» **ABOUT THIS TASK**
Lines from the one containing "Gucci Marmont Thin" to the end of the records, both ends included and exactly as written, are the whole answer, and no pictures go in it.

» **RECORDED INFORMATION**
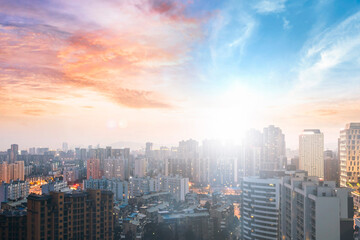 World Cities Day concept: Sunrise over the City
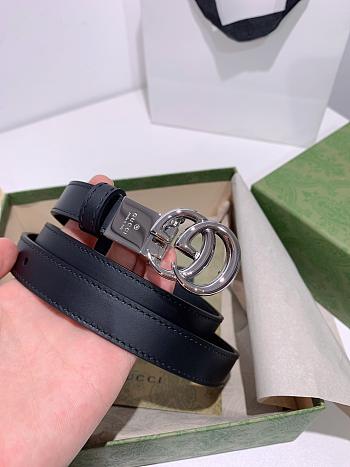 Gucci Marmont Thin Leather Belt With Metal Buckle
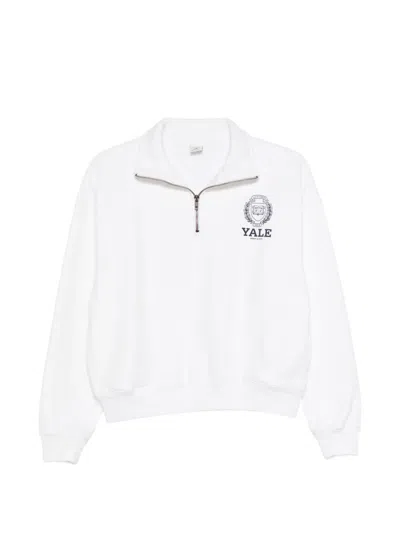 Sporty And Rich Essie Zip Graphic-print Sweatshirt In White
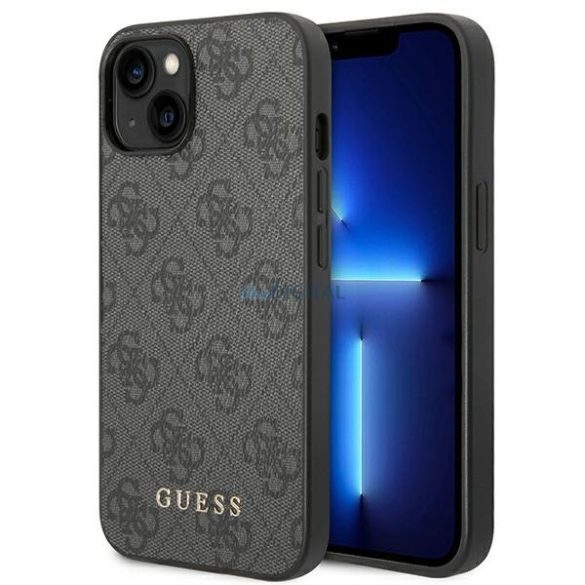 Guess GUHCP14SG4GFGR iPhone 14 6.1 "szürke kemény tok 4G fém arany logo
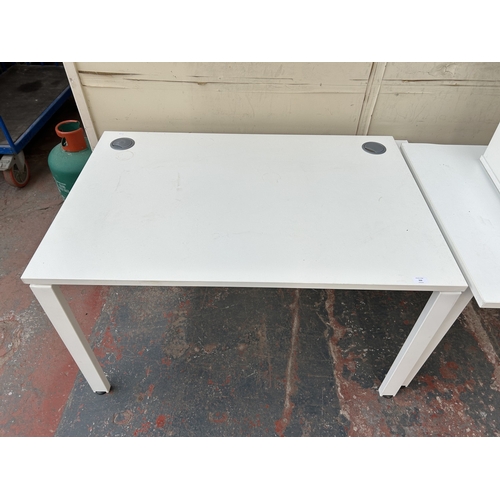 326 - A modern white laminate office desk - approx. 73cm high x 120cm wide x 80cm deep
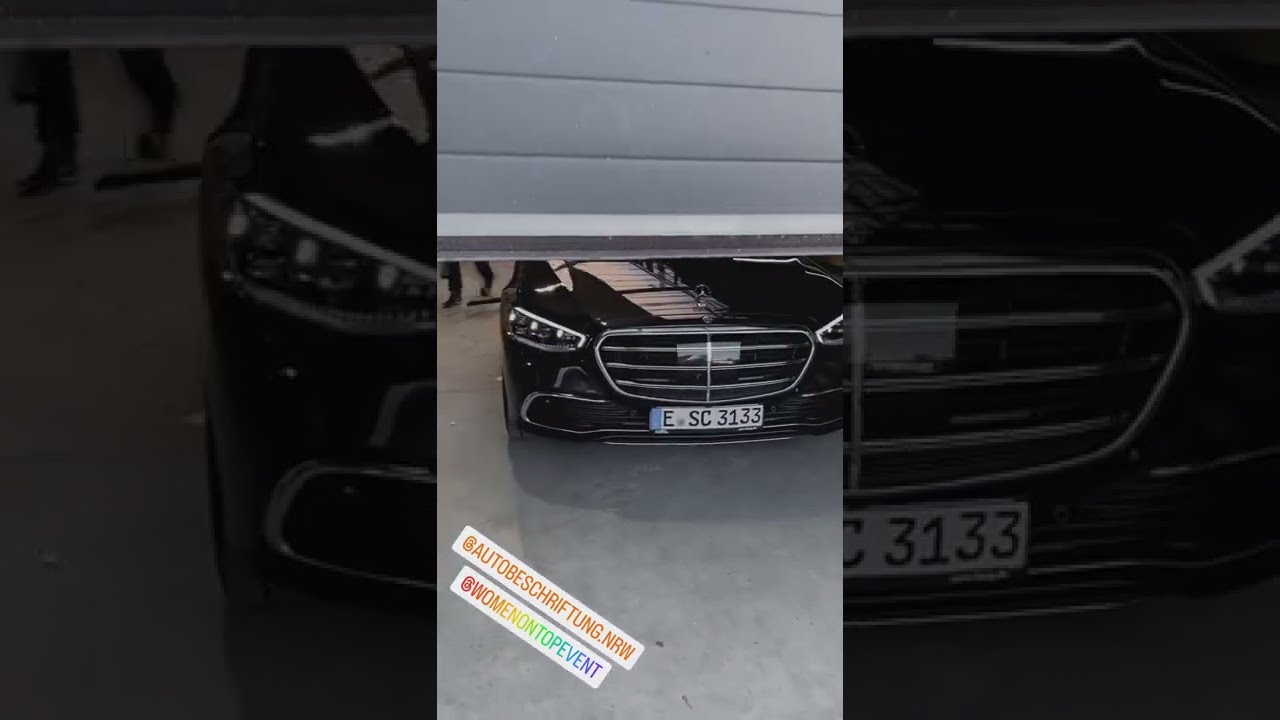 Mercedes S Klasse frisch beim Folierer für  Women on Top Event 2022 in Düsseldorf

» **FINISHED TASK**
 Gucci Marmont Thin Leather Belt With Metal Buckle
 Sporty And Rich Essie Zip Graphic-print Sweatshirt In White
 Guess GUHCP14SG4GFGR iPhone 14 6.1 "szürke kemény tok 4G fém arany logo
 326 - A modern white laminate office desk - approx. 73cm high x 120cm wide x 80cm deep
 Mercedes S Klasse frisch beim Folierer für  Women on Top Event 2022 in Düsseldorf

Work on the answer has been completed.